- INPUT DATA:
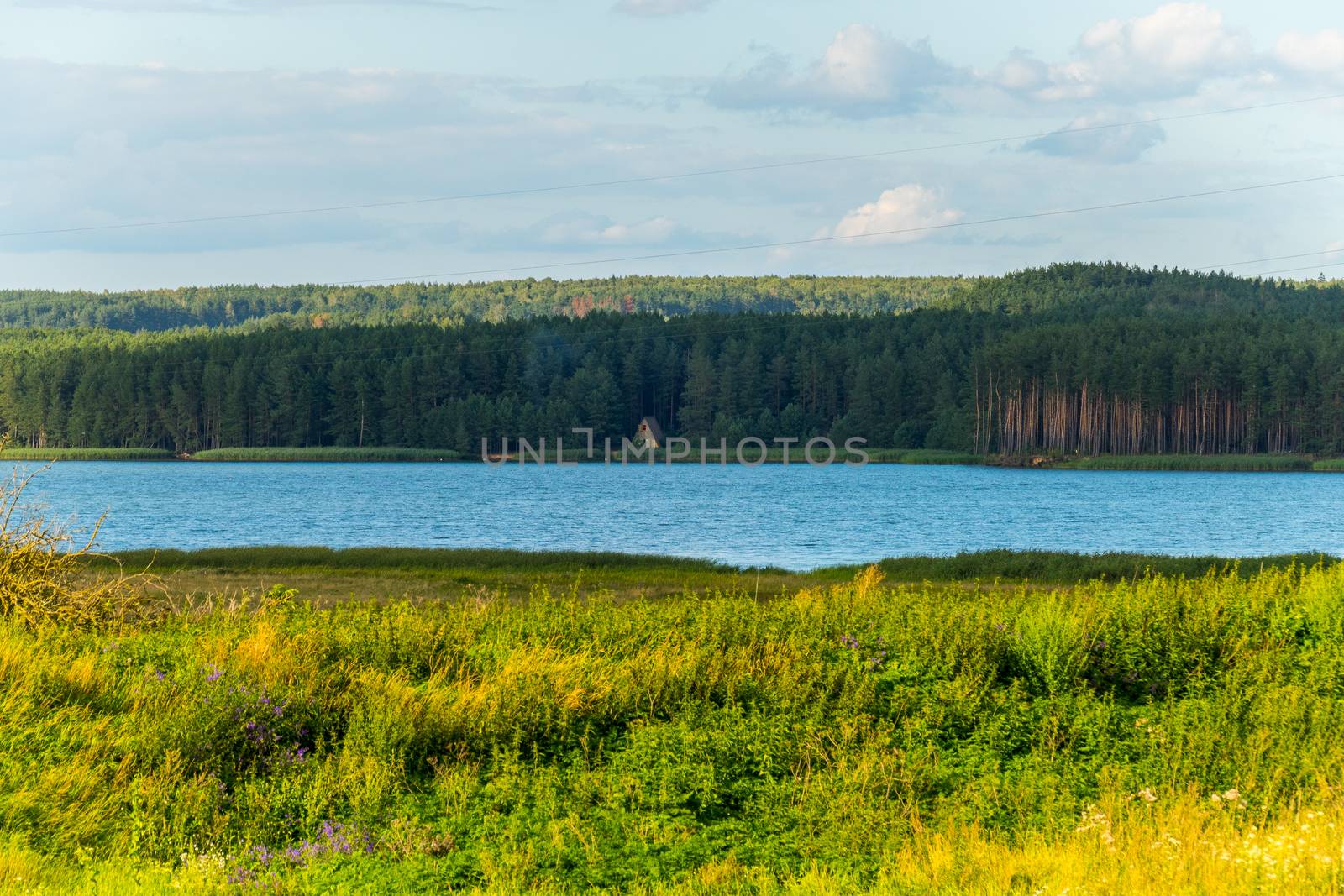 A wide pond on the background of a lonely hut in the middle of a wide dense forest by Adamchuk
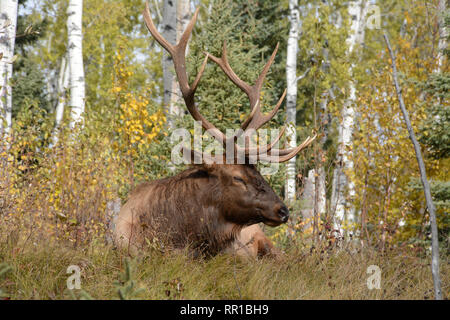 An adult male bull Manitoban elk sleeping in a forest clearing during mating season in Prince Albert National Park in northern Saskatchewan, Canada. Stock Photo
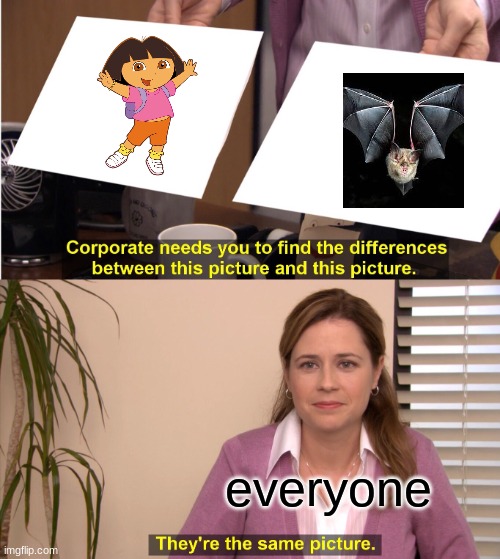 They're The Same Picture Meme | everyone | image tagged in memes,they're the same picture | made w/ Imgflip meme maker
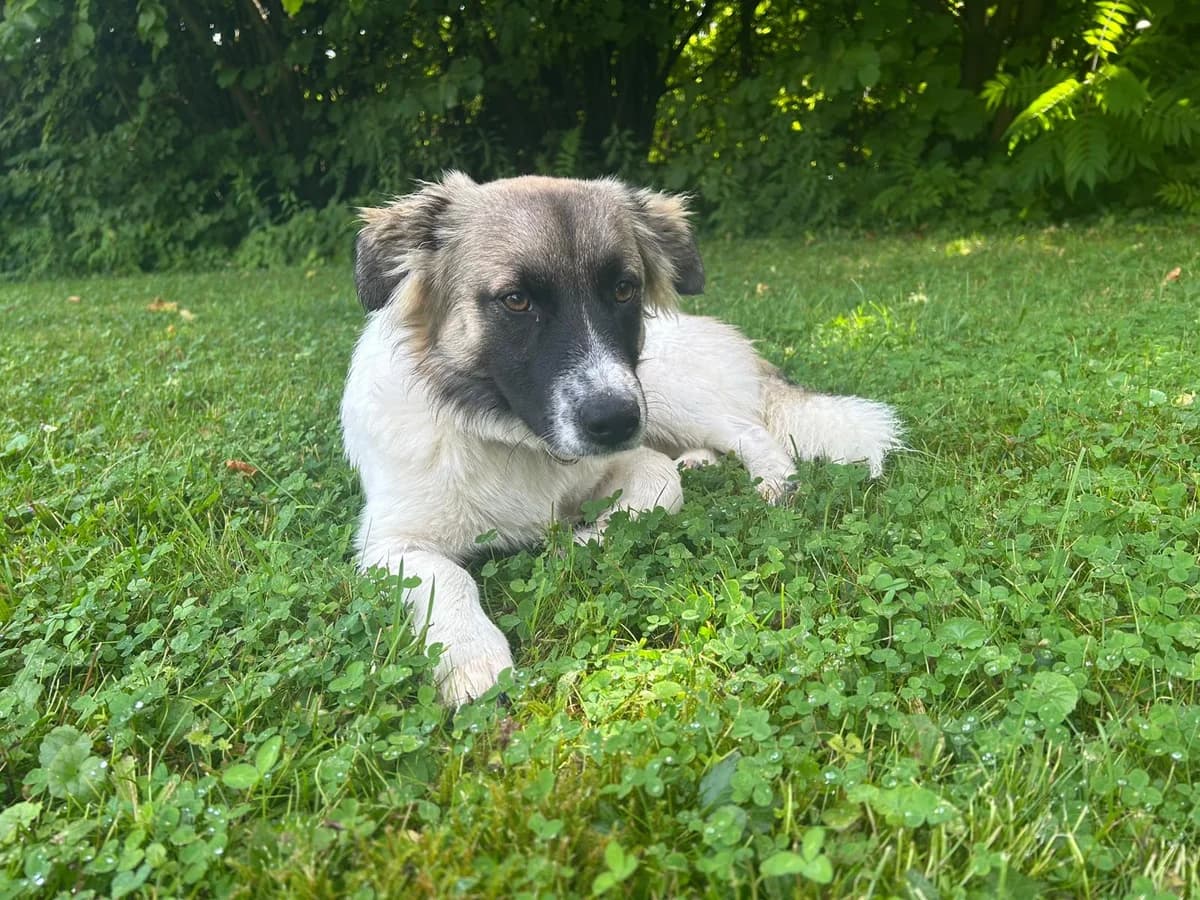 Gustl, male puppy Mixed Breed for adoption at Ein Herz für Streuner e.V., München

- ABOUT THIS TASK:
Pictures are to be left out; otherwise, retype exactly the lines from the first line of the data through the line containing "They're The Same Picture Meme".

- OUTPUT BELOW:
 A wide pond on the background of a lonely hut in the middle of a wide dense forest by Adamchuk
 An adult male bull Manitoban elk sleeping in a forest clearing during mating season in Prince Albert National Park in northern Saskatchewan, Canada. Stock Photo
 They're The Same Picture Meme | everyone | image tagged in memes,they're the same picture | made w/ Imgflip meme maker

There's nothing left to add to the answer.